Une nouvelle oscillation apparaît soudain sur l’écran et, en 2016, arrive au club Jurgen Klopp. Celui qui a ramené à la vie le Borussia Dortmund saura-t-il en faire de même avec les Reds? La nuit magique du match retour de quart de finale d’Europa League laisse envisager des lendemains qui chanteraient de nouveau. À la 91ème minute, après avoir été mené 0-2 puis 1-3, Liverpool l’emporte 4-3. On tente le défibrillateur, on guette avec espoir et crainte confondus une réaction du mourant. À nouveau, la claque est immense en fin de saison avec 2 finales perdues et une triste 8ème place en championnat.
À travers cet océan de noirceur, un phare lointain se dégage de la pénombre. Le patient réagit progressivement à l’attention quotidienne de ceux qui l’aiment et se tiennent à son chevet. Liverpool revient en Ligue des Champions dès 2017.
Si l’interêt général ne consiste pas en l’addition des intérêts particuliers, une grande équipe ne se résume pas à une addition de grands joueurs, le Real Madrid Galactique 1.0 pouvant en témoigner. C’est en la matière que Klopp révolutionne les Reds. La colonne vertébrale du club se solidifie fortement et s’inscrit dans la durée. Le style de jeu est à la fois clair et efficace, basé sur le célèbre gengenpressing du natif de Stuttgart.

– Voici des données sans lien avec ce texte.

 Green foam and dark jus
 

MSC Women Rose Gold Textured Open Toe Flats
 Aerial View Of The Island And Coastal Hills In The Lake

En championnat, Liverpool est régulier et n’a plus perdu depuis plus de deux mois. En Ligue des Champions, le club a terminé premier de son groupe. Les investissements se mêlent enfin aux résultats et au travail sur longue durée. Le recrutement devient cohérent à mesure que l’entité des bords de la Mersey se structure de nouveau. La triste époque des Oussama Assaidi, Jonjo Shelvey et Fabio Borini est révolue. Avec Sadio Mané et Mohammed Salah, deux joueurs d’exception chargés d’épauler le régulier Firmino à la pointe de l’attaque, Liverpool se dote d’une armada offensive de niveau mondial.

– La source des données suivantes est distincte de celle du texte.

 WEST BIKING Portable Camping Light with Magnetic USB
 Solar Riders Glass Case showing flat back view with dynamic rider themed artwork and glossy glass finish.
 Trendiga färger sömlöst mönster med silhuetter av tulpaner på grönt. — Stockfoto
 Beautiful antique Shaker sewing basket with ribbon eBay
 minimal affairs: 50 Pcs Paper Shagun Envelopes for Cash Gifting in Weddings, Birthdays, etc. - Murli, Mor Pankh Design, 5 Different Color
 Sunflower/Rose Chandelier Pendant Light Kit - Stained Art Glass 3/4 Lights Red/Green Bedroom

Au milieu de terrain, le départ désormais acté de Coutinho et le probable d’Emre Can sont anticipés par le club avec l’arrivée de Naby Keïta et les probables signatures de Goretzka, Lemar ou Mahrez. Aux côtés de ces éventuels arrivées/départs se côtoient d’autres joueurs de haut niveau que sont Wijnaldum ou Lallana.
Enfin, la défense se solidifie elle aussi progressivement avec la signature cet hiver de Virgil Van Dijk qui a offert un derby au club de la Mersey, dès son premier match, d’un coup de casque rageur. Il viendra compléter une charnière où Matip faisait, déjà, office de taulier. À droite, Alexander-Arnold est un jeune du cru extrêmement prometteur, il fait concurrence au très bon Clyne.
Les zones de progrès demeurent pourtant aisément perceptibles. Spécialiste des bottle (mener largement au score et se faire égaliser, voire battre), Liverpool marque tout autant qu’il encaisse, c’est-à-dire énormément. Un arrière gauche de qualité et un gardien de classe internationale font toujours défaut au club, le banc demeure assez léger mais l’évolution est ailleurs.
Les Reds récupèrent leur âme. Une simple visite de la ville permet de relever dans quelle étendue la misère côtoie la modernité et où le centre ville dynamique n’est jamais séparé des bâtisses d’ouvriers que par le Parc d’Everton situé au sommet d’une verdoyante colline. Cette ambivalence de la ville n’est pas sans répercussion sur le club qui, las d’avoir vécu sur les cendres de sa gloire d’antan, s’arme de rage et d’effort, les ingrédients de ses succès passés, pour vaincre à nouveau demain. Après tant d’années à manger son pain noir, le club de la Mersey fait de nouveau parler, de nouveau peur et attire de nouveau. La reconquête sera aussi longue qu’excitante. La modernité naîtra de la tradition.
Frédéric Da Rocha a fait hier figure de prophète. En prétendant que les légendes ne meurent jamais, il ne se doutait probablement pas d’avoir eu autant raison. Aujourd’hui plus que jamais, le liver bird Liverpool s’apprête à revenir d’entre les morts. Aujourd’hui plus que jamais, c’est la rage de vaincre du plus grand club de toute l’histoire de l’Angleterre qui lui rendra son trône.